From left: Paulette and Nancy |
Meet Paulette Kaufmann and Nancy Leonard, friends who decided to take the Piecing It Together tour, visiting the homes of Jewish immigrants, the Levines and Rogarshevskys. Kaufmann, a New York native, had visited many years ago with her husband and described it as "such an enriching experience" that she was glad to return when Leonard decided to take a tour.
I was lucky enough to speak to them about the harshness of early immigrant life and why New York tourists ought to head over to the Tenement Museum.
When you first walked into the apartments you saw today, what was your immediate reaction?
PK: Small spaces. I was beginning to wonder how they survived.
And what did you learn about the immigrants who lived there?
PK: For me, it was a repeat so actually, I can remember more of the experience because I've come back a second time. I do a lot of historical research and I was doing some research on an immigrant who lived in the northern part of Manhattan. So I was remembering back to my experience here. I was looking at the severance records and I was looking at the other information that I had about him and I kept referencing back to the time I had been here so it's always nice to be able to come back and take a look again, now with that experience.
If you could ask an immigrant at that time any one question, what would it be?

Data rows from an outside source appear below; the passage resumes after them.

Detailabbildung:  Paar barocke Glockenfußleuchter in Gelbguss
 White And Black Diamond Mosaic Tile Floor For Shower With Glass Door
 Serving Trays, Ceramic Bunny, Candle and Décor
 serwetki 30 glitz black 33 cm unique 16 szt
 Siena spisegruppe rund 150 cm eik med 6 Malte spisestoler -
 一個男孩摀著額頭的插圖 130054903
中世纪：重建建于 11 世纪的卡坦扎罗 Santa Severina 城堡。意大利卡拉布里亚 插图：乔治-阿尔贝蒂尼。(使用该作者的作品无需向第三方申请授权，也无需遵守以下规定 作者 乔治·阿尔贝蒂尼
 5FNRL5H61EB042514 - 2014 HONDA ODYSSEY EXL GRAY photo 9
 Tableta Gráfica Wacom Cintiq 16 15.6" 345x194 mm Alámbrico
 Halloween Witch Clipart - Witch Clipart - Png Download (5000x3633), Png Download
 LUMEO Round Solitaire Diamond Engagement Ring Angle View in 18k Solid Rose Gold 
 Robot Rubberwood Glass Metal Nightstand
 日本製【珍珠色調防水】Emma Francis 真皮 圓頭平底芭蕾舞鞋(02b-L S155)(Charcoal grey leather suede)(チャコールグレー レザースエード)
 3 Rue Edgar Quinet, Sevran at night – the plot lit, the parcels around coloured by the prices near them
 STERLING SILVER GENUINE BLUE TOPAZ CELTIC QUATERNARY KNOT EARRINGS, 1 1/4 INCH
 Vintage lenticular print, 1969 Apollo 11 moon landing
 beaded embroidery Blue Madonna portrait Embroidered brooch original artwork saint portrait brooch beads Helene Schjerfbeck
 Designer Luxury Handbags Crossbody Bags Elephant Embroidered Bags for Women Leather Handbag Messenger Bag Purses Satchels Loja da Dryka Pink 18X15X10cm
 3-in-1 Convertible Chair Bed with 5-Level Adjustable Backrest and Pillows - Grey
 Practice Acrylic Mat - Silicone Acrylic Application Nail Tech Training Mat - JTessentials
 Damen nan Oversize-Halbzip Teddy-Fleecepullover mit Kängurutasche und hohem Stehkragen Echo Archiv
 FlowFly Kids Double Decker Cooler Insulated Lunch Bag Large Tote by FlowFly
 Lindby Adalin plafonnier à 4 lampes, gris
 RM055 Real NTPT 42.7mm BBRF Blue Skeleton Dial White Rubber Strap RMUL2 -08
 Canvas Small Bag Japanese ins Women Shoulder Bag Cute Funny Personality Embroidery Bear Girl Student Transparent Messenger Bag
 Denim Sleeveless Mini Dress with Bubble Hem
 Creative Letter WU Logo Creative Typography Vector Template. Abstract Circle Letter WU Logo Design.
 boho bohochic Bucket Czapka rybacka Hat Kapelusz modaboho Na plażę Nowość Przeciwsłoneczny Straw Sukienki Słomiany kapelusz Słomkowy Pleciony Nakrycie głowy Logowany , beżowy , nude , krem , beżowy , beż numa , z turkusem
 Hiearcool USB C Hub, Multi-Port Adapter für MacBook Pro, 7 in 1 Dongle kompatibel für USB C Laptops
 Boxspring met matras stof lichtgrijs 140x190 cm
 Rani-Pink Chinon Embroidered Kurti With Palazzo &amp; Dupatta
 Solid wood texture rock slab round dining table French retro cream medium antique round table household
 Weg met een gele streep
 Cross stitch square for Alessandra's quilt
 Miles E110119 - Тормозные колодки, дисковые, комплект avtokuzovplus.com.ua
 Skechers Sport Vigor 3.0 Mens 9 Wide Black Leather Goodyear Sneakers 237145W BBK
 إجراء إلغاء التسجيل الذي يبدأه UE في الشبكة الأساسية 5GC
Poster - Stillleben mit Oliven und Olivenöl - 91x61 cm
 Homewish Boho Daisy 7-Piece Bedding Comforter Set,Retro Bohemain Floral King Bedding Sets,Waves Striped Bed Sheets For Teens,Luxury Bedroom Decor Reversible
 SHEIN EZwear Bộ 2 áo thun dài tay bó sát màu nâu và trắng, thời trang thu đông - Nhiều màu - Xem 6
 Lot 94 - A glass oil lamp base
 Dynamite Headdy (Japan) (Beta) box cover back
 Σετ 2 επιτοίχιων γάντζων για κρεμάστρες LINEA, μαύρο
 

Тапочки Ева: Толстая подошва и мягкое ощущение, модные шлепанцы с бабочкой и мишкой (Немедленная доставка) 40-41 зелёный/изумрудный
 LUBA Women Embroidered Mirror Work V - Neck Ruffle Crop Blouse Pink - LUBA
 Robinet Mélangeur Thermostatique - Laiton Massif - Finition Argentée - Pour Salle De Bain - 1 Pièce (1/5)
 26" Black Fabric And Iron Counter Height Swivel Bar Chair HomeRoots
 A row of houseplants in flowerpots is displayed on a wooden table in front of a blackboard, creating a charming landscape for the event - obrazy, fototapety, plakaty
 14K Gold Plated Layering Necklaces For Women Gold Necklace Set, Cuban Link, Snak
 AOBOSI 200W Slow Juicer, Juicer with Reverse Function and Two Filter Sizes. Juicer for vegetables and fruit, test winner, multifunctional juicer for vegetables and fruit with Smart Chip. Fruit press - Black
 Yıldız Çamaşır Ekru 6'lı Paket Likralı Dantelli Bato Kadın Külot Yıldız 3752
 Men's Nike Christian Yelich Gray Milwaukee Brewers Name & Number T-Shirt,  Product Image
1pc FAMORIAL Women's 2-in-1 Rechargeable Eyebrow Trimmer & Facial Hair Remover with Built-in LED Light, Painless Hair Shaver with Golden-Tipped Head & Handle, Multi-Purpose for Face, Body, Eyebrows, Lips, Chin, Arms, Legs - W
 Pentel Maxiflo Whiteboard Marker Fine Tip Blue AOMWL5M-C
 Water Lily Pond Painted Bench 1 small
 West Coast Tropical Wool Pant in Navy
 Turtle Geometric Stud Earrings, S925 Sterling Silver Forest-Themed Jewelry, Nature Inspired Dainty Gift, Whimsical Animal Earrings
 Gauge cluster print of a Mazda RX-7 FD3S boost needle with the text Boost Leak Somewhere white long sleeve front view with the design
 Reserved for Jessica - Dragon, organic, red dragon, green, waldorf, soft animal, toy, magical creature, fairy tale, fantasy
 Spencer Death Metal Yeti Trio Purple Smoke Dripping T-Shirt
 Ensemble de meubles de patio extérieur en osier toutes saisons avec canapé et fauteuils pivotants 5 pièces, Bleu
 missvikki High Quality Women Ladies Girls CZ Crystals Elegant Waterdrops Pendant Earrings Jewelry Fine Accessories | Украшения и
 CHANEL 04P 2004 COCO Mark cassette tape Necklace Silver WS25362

NL: I think the obvious one from a historical perspective is "how did you survive?" because it just seems like a very difficult life, a lot of physical labor, and you sort of understand why people didn't live as long as we tend to live now. But I think more about the community, what it was like to grow up there, whether they went to school or not would be fascinating to know, and what they learned from it all.
Would you encourage others to visit the Tenement Museum?
PK: Oh, absolutely. As a tourist, you may think it's all about Rockefeller Center, but the city has great, great stories to tell on every corner and in every burrough. I've traveled all around the world, and I'm always interested when I'm going into "old" cities or older areas of cities. I want to know how people lived their lives or the change that was going on, so on and so forth. So I encourage anybody visiting New York to come down here and see a slice of the city that they probably didn't know about.